This may seem an odd speargun layout to us today, but it was designed when the mechanical speargun world was ruled by the then mighty spring gun which included 2 metre long monsters. Unfortunately the spring gun, some of which took considerable strength to reload, was an inefficient weapon unless maintained in first-class condition and the band gun was limited by the poor quality of rubber used initially, however once World War II was over things began to change very rapidly.

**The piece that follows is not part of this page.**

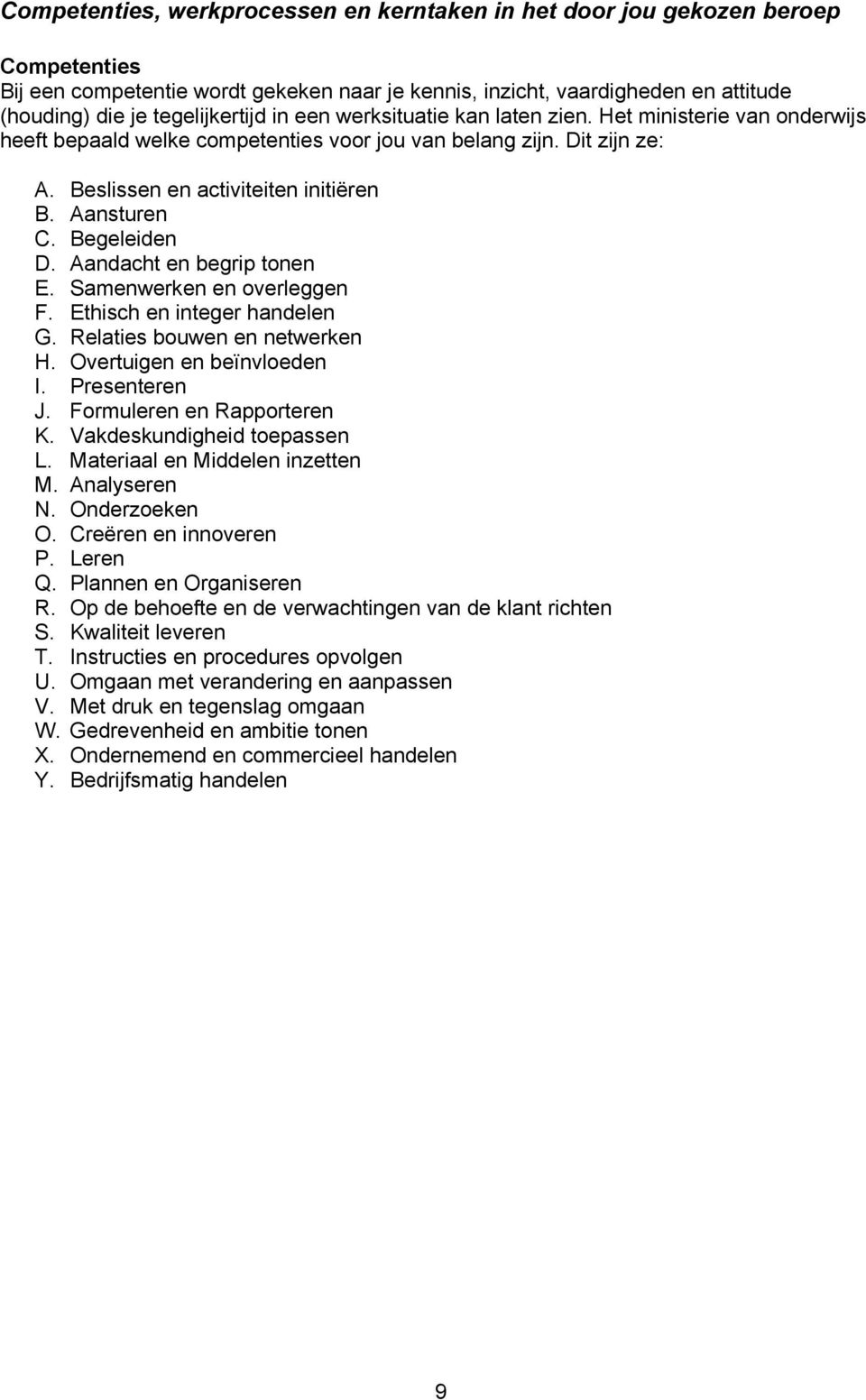 Aansturen C. Begeleiden D. Aandacht en begrip tonen E. Samenwerken en overleggen F. Ethisch en integer handelen G. Relaties bouwen en netwerken H. Overtuigen en beïnvloeden I. Presenteren J.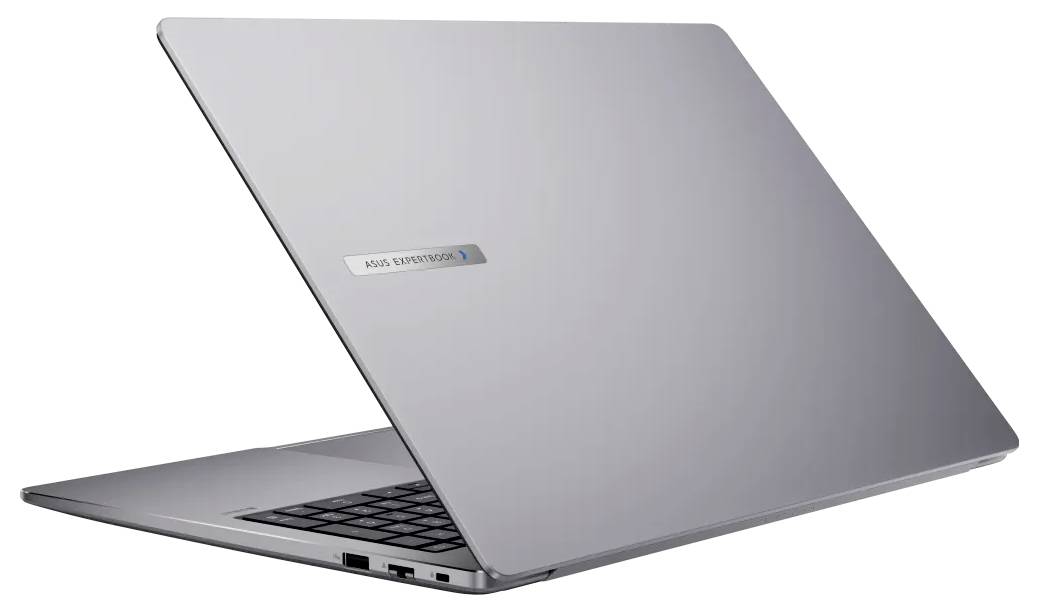 Ein schlanker, silberner Laptop, halb geöffnet, der ein schlankes Design und eine Tastatur zeigt. Das Logo auf der Rückseite liest sich „Asus ExpertBook".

The gun type most usually associated with "dry barrels" was the "air bubble", compression type spring gun, but it was killed off by the perfection of pneumatic spearguns which held compressed air for very long periods. Early pneumatic spearguns tended to have slow leaks, so the guns required pumping up more often, but they only had small capacity reservoirs which required a lower number of pump strokes, being high compression ratio weapons. Today we use relatively high pressure, low compression ratio, pneumatic underwater weapons.
 
Great thread Pete. I love this stuff. Design is big with me and I love to theorise and draw ideas.

While working on some recent ideas I worked on the idea of a forward latch trigger using a slot in the spear just behind the tip. This would connest via a pushrod to the rear trigger. This gets around the problem of having the trigger mechanism inside the pressure chamber. Might have guessed it had been done before although I had never seen or heard of it. Just goes to show that even when you invent something then there's nothing new.

All the pnemo guns I've used were wet barrel until I bought my Mamba and I'd never thought of just emptying out the water above the surface. So simple a concept although not quite as simple as it seems when you get into the seals etc.

Again, great thread. Thanks.

Dave.
 
Today we use relatively high pressure, low compression ratio, pneumatic underwater weapons.

Pete is there an ideal ratio between the size of resevoir and the barrel internal volume displaced between the loaded and unloaded state?

For a fixed piston travel (gun length) and a set internal barrel diameter there would be a fixed volume. The compression ratio would be therefore dependant on the resevoir volume (volume with gun loaded) compared to this fixed barrel volume. Yes?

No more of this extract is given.